Claire is still trying to be the best companion possible for Gabe. Her efforts to guide him to a safer place lead her to make some startling insights about herself. “Somehow, teaching you makes it more interesting,” she says to him. She’s talking about trigonometry homework, but she might as well be talking about life.

Her experience dealing with death, both in the long-term and in the more immediate past, make Claire well suited to brush off the triteness of high-school social politics. When Gabe is worried about how people will view him now that word of his overdose has spread, she tells him not to care about what the other students might think, treating him to this bit of paradoxical genius: “Everyone is too obsessed with what everyone else thinks about them to think about anyone else.”

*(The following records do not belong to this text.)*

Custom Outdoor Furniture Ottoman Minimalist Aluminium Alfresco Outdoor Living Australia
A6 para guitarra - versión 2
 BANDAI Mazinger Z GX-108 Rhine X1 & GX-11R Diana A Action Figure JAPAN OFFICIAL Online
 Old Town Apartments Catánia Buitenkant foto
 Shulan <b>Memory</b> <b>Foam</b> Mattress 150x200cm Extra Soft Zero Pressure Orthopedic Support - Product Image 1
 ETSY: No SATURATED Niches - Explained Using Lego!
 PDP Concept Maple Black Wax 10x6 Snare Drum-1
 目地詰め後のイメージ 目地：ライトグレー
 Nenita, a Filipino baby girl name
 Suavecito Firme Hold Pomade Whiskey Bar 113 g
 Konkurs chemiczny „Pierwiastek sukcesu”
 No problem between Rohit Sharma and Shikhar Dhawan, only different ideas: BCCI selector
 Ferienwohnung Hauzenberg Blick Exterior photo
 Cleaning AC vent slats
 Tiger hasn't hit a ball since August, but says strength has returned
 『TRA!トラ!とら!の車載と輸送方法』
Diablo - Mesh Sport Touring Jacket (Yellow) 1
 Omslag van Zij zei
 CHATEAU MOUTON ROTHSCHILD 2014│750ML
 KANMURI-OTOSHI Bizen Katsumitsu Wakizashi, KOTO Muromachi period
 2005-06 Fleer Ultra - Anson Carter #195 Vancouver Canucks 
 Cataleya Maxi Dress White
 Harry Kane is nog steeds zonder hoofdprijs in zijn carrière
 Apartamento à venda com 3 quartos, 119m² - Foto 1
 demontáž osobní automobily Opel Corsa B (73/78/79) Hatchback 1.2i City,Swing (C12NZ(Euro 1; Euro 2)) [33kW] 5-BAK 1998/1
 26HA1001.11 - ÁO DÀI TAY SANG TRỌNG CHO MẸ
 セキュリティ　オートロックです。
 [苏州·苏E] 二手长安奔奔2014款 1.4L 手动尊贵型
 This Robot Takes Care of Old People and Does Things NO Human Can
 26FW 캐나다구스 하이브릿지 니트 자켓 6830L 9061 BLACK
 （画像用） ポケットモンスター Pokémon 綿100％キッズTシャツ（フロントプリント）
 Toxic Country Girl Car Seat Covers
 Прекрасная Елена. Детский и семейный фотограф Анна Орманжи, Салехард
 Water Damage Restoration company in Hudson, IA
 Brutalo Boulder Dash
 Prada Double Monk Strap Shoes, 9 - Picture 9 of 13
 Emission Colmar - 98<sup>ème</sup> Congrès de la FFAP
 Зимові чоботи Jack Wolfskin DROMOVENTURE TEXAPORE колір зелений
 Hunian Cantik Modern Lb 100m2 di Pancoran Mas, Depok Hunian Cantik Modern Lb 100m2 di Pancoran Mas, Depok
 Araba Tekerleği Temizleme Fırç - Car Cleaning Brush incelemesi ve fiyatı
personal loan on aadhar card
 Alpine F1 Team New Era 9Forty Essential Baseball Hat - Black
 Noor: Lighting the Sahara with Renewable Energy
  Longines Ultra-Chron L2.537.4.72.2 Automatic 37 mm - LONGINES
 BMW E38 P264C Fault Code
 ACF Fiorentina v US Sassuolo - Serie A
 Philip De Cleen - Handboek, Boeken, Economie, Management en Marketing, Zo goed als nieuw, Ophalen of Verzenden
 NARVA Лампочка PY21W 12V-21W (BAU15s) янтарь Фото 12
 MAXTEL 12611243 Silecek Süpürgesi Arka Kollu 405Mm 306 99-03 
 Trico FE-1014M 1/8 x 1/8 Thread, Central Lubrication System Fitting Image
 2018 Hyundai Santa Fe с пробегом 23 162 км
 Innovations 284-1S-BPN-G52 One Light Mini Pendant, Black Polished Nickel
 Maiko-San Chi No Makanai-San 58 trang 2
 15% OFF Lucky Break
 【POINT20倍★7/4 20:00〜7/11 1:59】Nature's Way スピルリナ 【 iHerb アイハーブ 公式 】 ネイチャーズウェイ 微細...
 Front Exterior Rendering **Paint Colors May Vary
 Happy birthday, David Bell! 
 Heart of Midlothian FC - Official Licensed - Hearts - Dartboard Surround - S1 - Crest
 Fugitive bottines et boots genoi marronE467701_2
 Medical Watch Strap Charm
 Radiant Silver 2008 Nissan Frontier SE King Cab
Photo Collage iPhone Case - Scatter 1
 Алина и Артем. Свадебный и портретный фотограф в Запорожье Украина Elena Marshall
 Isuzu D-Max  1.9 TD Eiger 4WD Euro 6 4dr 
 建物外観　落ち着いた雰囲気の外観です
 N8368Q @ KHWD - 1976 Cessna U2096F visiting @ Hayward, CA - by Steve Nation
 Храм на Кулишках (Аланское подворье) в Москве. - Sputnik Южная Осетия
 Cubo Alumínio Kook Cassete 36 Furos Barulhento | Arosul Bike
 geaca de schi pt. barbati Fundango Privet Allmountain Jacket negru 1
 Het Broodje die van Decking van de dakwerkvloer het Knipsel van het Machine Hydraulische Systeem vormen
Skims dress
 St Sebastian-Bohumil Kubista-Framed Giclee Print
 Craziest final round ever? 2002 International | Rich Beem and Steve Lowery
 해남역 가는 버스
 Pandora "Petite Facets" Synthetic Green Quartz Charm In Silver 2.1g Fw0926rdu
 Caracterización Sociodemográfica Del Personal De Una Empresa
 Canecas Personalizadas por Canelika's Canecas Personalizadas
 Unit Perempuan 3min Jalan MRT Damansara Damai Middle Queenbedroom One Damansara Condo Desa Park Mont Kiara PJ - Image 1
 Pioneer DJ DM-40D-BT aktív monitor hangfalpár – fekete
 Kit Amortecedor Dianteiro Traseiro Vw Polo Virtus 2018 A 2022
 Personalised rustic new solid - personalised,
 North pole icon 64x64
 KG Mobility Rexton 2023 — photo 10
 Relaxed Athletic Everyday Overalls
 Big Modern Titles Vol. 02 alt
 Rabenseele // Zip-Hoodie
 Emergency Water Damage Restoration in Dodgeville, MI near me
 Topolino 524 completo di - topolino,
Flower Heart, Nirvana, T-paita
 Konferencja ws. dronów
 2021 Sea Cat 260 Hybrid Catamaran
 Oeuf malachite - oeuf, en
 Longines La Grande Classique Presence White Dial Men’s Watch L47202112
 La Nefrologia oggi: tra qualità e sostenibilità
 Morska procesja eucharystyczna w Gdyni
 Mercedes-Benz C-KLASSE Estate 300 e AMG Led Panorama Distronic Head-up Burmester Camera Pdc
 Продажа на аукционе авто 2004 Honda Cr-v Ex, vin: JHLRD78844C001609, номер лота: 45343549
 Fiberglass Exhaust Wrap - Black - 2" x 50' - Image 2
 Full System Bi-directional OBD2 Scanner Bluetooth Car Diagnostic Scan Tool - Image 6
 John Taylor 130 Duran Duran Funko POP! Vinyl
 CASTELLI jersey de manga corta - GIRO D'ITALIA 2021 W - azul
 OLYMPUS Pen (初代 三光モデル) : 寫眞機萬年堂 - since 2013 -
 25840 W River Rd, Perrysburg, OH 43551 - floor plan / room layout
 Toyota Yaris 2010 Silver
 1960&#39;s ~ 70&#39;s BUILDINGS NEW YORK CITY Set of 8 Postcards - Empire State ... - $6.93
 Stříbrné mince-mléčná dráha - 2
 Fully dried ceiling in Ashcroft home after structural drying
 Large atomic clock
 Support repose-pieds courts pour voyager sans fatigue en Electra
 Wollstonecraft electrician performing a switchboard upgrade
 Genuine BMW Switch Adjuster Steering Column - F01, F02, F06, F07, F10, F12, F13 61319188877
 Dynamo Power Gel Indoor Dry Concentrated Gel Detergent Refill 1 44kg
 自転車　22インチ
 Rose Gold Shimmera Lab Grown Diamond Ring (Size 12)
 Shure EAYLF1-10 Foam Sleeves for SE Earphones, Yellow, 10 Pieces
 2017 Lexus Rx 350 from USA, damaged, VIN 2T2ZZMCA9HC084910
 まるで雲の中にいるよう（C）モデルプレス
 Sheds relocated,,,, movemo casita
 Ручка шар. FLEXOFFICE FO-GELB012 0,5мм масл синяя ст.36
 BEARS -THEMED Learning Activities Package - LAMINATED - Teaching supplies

What I love most about Claire is that she’s wise beyond her years but still so young. She can be adult, but she’s not altogether grown up. “The people in this school have the mentality of teenagers,” she says to her guidance counselor. He says, “You are a teenager.” And yeah, she is. She thinks everyone is dumber than she is. She imagines that Charlotte Light And Dark is about her. She pretends to be other people on the Internet. Teenager stuff.

Yet she can also be profound, especially when it comes to her family. She tells the counselor, “Burying someone is the most sensitive time in a person’s life. So it’s like, my family, they’re so careful. It’s almost like they become invisible.” She calls it a “silence” that hangs over her like a shadow.


She senses that this silence isn’t going to be enough with Gabe. She begs her counselor to tell her what she can do for him. “Try not to make yourself invisible,” he says. So later, in the back of the hearse, she confesses to Gabe that she’s scared—“scared that you’re going to disappear,” she says. He says that he’s scared, too, that he’s not going to finish his math homework. But she doesn’t want to hear his lame joke. This isn’t like her fake online flirtations or her silent, handle-with-care family. It’s the one relationship she has that she feels is based entirely in truth.

So Gabe admits that he’s scared he isn’t good enough for Claire. There’s a sense that it’s the truth but perhaps not the whole truth. Still, he lays at least that much of his soul bare, and the last picture we see of Gabe and Claire in “A Private Life” is the two of them in the shower, savoring each other’s nakedness.


Stray observations:

  • The “Everyone’s Waiting” thread is the special comment thread where you can talk freely about future episodes, foreshadowing, series-long character arcs, and so on. (In other threads, try to keep the all-knowing crystal-ball-gazing to a considerate minimum for the benefit of those who haven’t watched ahead.)
  • David, after admitting his sexuality to his mother: “That’s all I wanted to say.” Ruth: “All right. We’re having veal.” Even though she doesn’t know how to take care of her kids, she can always cook for them. Whenever she can see they’re hurting, she offers to make them something to eat.
  • “I may not dress like Jackie Kennedy, but I have sex with men.”
  • I was talking to a friend recently about Six Feet Under and he mentioned that he attended a wedding a couple years back where he was seated at the same table as Jeremy Sisto (who plays Billy). I asked him if he was terrified. He said yes. He added, “The voice is for real, man.”